PROBLEM STATEMENT:
Only the lines from the start of the data through the line with "Baby getting diaper changed at home" belong in the copy. Restate them word for word, minus the pictures.

EXERCISE INPUTS:

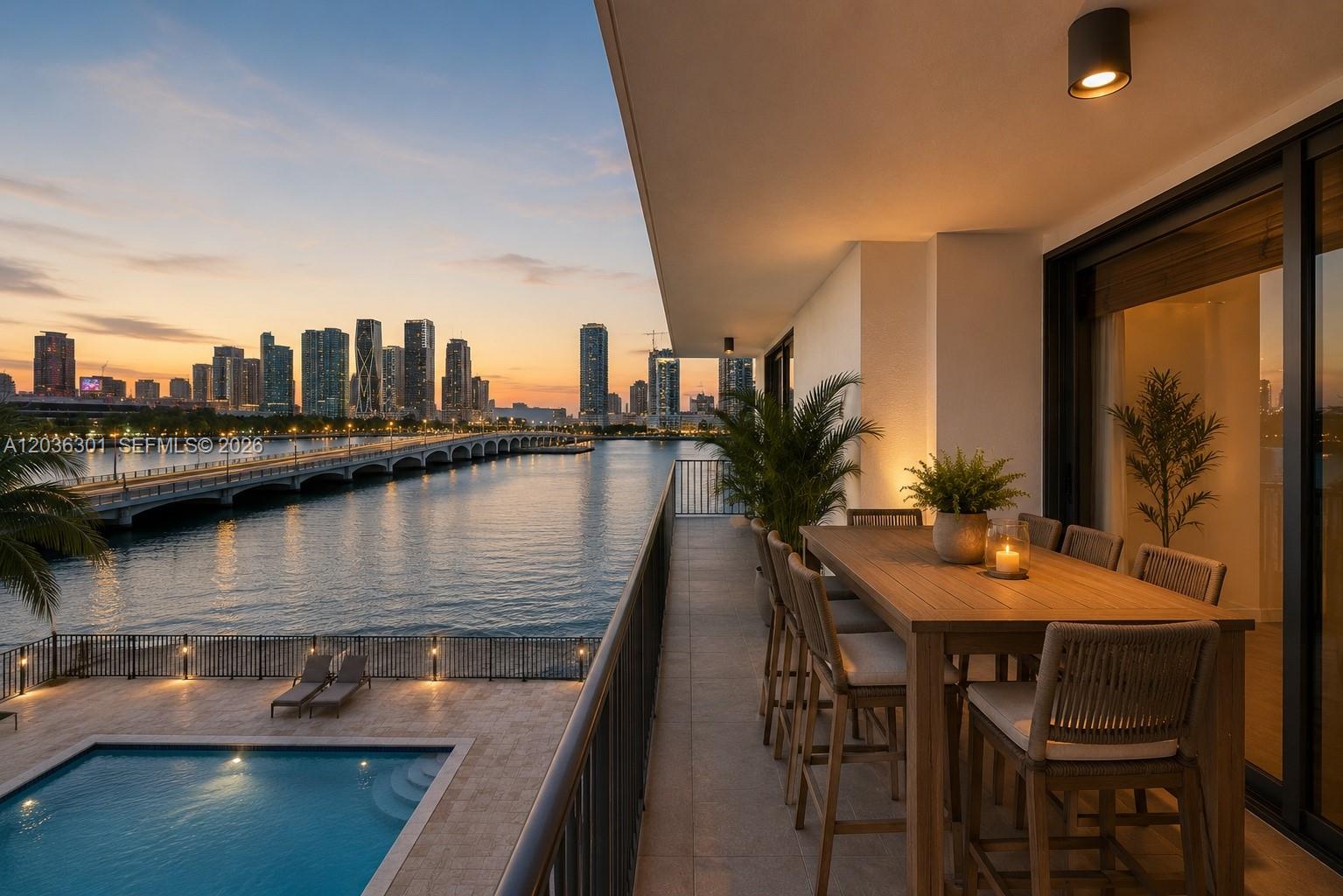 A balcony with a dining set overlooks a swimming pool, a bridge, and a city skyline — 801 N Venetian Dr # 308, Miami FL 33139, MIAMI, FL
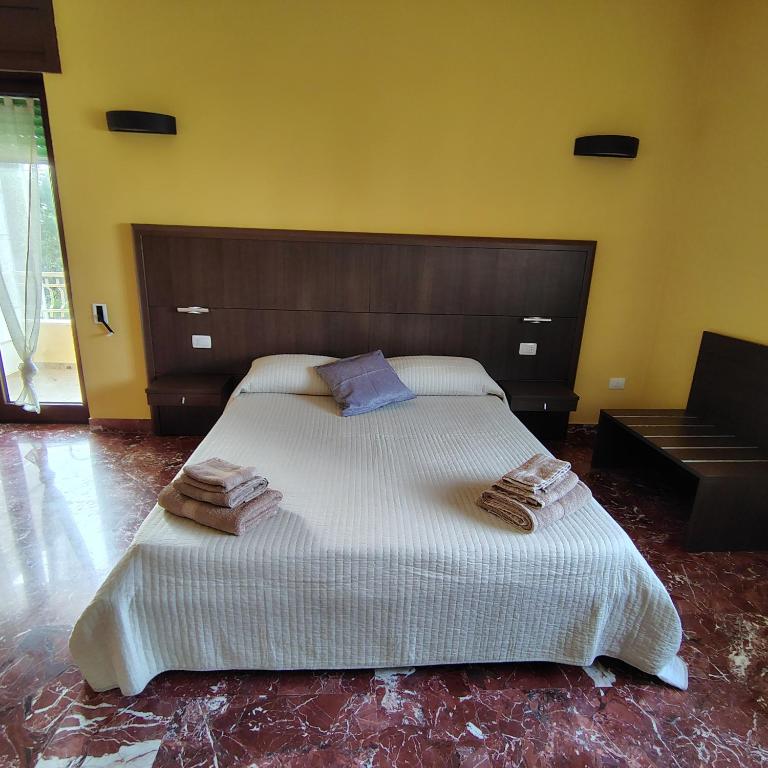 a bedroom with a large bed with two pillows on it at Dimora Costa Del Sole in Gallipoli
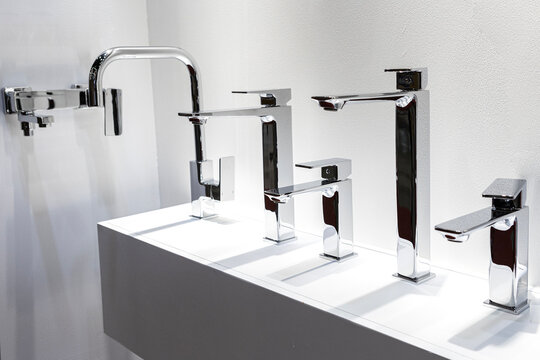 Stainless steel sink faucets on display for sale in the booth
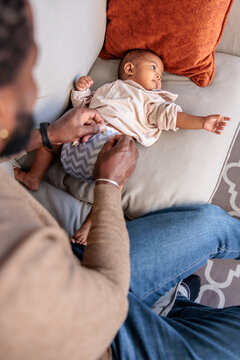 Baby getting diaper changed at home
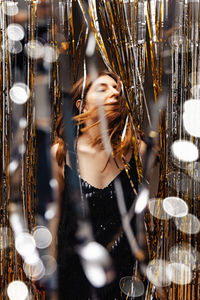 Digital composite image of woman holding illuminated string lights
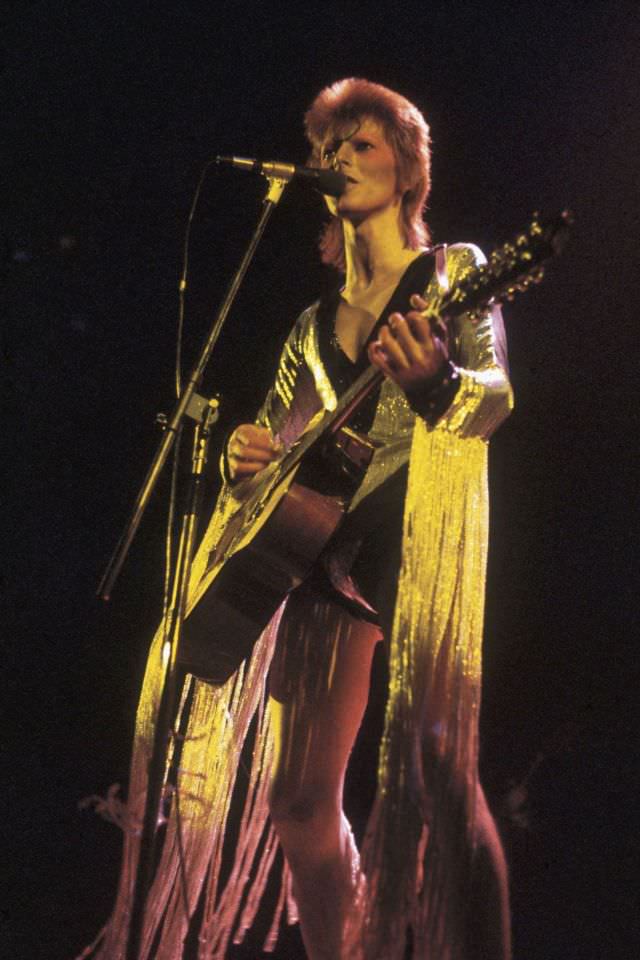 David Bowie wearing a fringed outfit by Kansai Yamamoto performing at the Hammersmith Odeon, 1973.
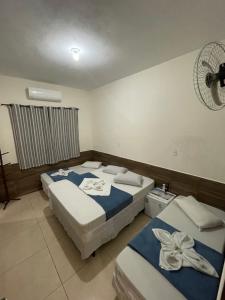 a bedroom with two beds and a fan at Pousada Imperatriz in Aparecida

TASK RESULT:
 A balcony with a dining set overlooks a swimming pool, a bridge, and a city skyline — 801 N Venetian Dr # 308, Miami FL 33139, MIAMI, FL
 a bedroom with a large bed with two pillows on it at Dimora Costa Del Sole in Gallipoli
 Stainless steel sink faucets on display for sale in the booth
 Baby getting diaper changed at home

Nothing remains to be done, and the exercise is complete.